In [1]:
!pip install --quiet --upgrade langchain langchain-neo4j langchain-openai langchain-mcp-adapters mcp-neo4j-cypher

The **LangChain framework for Python** is a toolkit for building applications powered by large language models. It provides composable chains and agents, a vast integration ecosystem, memory and retrieval systems, and production essentials like callbacks, tracing, and evaluation tools.

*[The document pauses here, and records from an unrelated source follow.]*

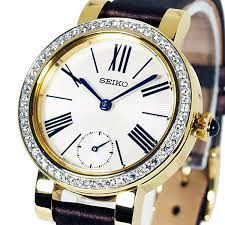 SEIKO CLASSIC 31MM LADIES WATCH SRK030P1
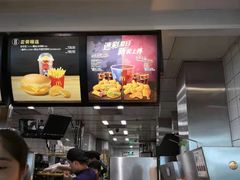 -麦当劳(深圳北站高铁店)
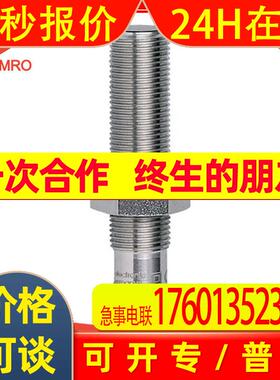 JAC201-漫反射式光电传感器-ifm 易福门 电眼,光电开关开关传感器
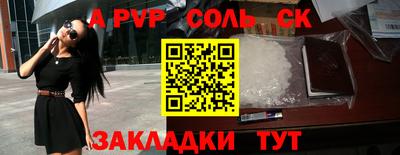 героин Балаково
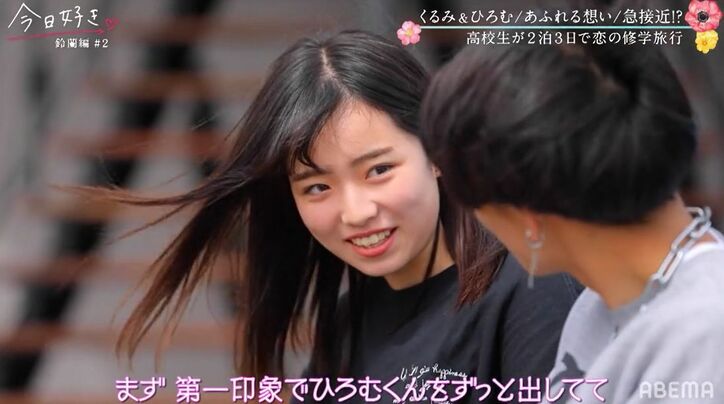 二コラモデル・くるみ、モテ男子・ひろむに猛アプローチ「全部がタイプ!」『今日好き』鈴蘭編第2話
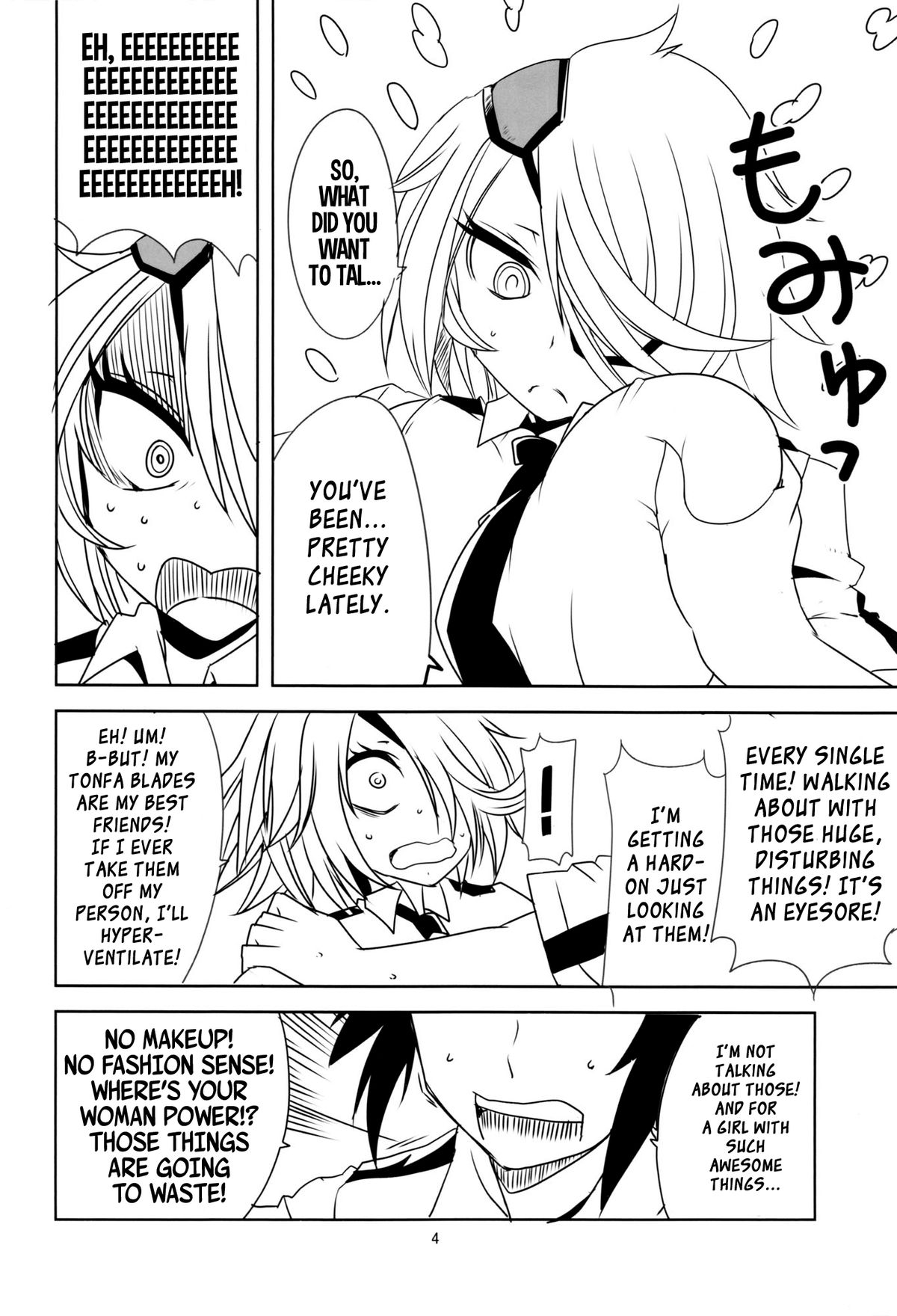 Kiruko-san Joshiryoku Kyouka Daisakusen!! page 6 full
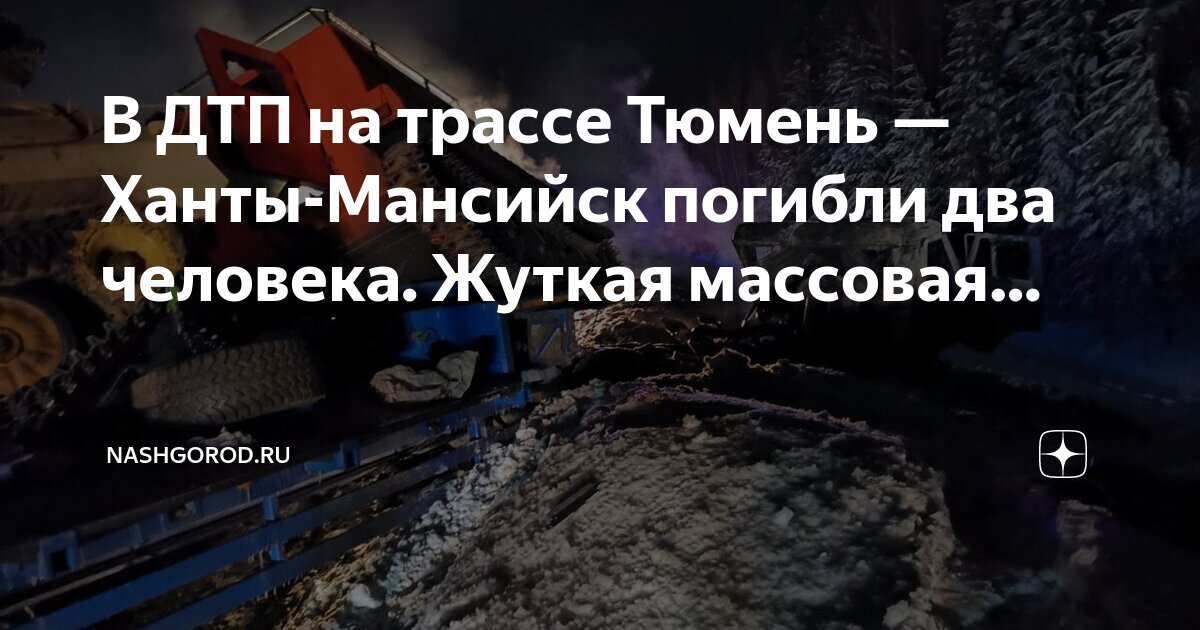 Карта ханты мансийск трасса тюмень ханты мансийск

In this notebook, we'll build a company research agent that queries a Neo4j graph database.

In [2]:
import json

from langchain_mcp_adapters.client import MultiServerMCPClient
from langchain.tools import tool
from langchain.agents import create_agent
from langchain_neo4j import Neo4jGraph, Neo4jVector
from langchain_openai import ChatOpenAI, OpenAIEmbeddings

LangChain integrates with virtually every major LLM provider like OpenAI, Anthropic, Google, Cohere, Mistral, AWS Bedrock, Azure, and many more. This makes it easy to swap models or run comparisons without rewriting your application logic.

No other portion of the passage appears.